The Spark

the Voice of
The Communist League of Revolutionary Workers–Internationalist

“The emancipation of the working class will only be achieved by the working class itself.”
— Karl Marx

Bush Wants to Legalize Immigrants, but Give Them No Rights

Jul 30, 2001

On July 20 a presidential task force headed by Secretary of State Colin Powell and Attorney General John Ashcroft produced a one page memo for Bush proposing a change for some of the immigrants who are living and working in this country–allowing them to “regularize” their status. The proposal would allow about one million Mexicans employed in farm work, health care and meat packing to become “guest workers,” as well as allowing many new immigrants from Mexico to enter the country as guest workers. The task force has already met with a similar committee advising the Mexican president.

Bush himself said what’s behind the proposal: “We ought to make it easier for people who want to employ somebody, who are looking for workers, to be able to hire people who want to work.” That is–people who are forced to work cheaply while wearing a gag.

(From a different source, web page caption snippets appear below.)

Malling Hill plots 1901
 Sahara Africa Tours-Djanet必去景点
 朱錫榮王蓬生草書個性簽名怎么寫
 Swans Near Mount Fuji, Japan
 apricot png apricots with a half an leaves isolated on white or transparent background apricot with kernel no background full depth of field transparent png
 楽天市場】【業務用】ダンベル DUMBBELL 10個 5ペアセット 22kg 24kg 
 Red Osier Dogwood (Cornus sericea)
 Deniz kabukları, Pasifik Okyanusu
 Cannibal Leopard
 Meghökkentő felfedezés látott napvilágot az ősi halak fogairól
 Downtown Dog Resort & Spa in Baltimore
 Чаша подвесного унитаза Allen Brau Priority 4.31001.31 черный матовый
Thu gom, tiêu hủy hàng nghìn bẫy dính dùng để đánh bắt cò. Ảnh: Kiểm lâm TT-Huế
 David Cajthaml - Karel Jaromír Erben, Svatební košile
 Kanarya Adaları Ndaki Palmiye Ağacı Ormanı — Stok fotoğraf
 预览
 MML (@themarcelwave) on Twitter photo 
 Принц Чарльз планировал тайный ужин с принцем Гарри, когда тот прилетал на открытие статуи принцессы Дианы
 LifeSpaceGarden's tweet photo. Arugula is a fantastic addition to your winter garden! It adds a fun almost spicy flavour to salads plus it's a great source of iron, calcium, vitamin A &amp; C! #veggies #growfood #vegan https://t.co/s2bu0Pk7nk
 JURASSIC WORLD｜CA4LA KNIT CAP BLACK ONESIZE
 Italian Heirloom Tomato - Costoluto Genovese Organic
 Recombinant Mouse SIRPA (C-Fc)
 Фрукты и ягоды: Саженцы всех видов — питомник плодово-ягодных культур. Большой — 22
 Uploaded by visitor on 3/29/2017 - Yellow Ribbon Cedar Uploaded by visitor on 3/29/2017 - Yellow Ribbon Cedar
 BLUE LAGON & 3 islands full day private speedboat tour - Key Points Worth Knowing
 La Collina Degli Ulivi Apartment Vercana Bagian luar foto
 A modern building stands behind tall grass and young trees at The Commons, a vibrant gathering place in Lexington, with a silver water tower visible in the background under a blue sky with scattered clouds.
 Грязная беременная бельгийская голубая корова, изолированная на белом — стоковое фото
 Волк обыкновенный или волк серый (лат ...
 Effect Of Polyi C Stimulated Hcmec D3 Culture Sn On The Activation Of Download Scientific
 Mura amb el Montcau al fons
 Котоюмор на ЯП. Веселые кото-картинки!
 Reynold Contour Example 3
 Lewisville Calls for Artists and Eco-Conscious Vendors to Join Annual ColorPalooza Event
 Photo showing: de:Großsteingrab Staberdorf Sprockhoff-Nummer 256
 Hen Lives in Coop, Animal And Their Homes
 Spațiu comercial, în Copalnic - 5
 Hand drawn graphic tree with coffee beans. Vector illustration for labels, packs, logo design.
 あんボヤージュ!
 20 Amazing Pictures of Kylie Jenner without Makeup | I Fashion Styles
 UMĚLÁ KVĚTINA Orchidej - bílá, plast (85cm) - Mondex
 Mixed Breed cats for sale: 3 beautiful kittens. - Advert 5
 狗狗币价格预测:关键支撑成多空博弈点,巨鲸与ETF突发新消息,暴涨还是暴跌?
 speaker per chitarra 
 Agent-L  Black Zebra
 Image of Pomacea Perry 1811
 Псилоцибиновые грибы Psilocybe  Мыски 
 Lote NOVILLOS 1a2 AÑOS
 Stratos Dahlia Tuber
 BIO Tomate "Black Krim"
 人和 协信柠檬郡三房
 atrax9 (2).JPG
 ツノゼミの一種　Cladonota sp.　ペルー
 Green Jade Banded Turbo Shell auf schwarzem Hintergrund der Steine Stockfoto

Bush’s proposal would build on the existing “guest worker” programs. The Florida sugar cane crop, for example, until recently was largely harvested by workers from Jamaica. IBP, the biggest meat packing company in the United States, goes to a village in Mexico and sends up hundreds of workers to labor in one of its packing houses in the U.S., with the approval of both governments.

In fact, the “guest worker” program is nothing but another name for slave labor. Guest workers cannot become citizens. They have no democratic rights. They are not allowed to quit employers and get hired elsewhere. If they voice a complaint over their working conditions, they quickly find themselves on a bus going home.

Today there are an estimated seven to eight million people in the country without legal papers. When workers come from desperately poor countries, the U.S. minimum wage seems good compared to what they received at home. But what keeps workers accepting this situation is their complete and toal lack of legal rights.

That’s obviously why the corporations want to keep them in this half-legal situation from which there is no escape. This gives the corporations a low-paid work force with which to put pressure on the wages of everyone else.

Bush pretends that this program may eventually open up prospects for SOME of the workers here without papers to legalize their situation. That’s nothing but a false hope for MOST.

The millions of workers who are in this country without papers are part of the working class. Their labor contributes to the running of this country. Give them full rights of citizenship immediately!

The working class movement at its best and its strongest always fought for the full extension of democratic rights to immigrant workers. It was a protection for immigrants and native workers, both at the same time.

The Industrial Workers of the World (IWW) said it a long time ago: One big union of all the workers, from all countries, of all races, of all industries, of all skills.

Either the working class stands together–or it falls divided.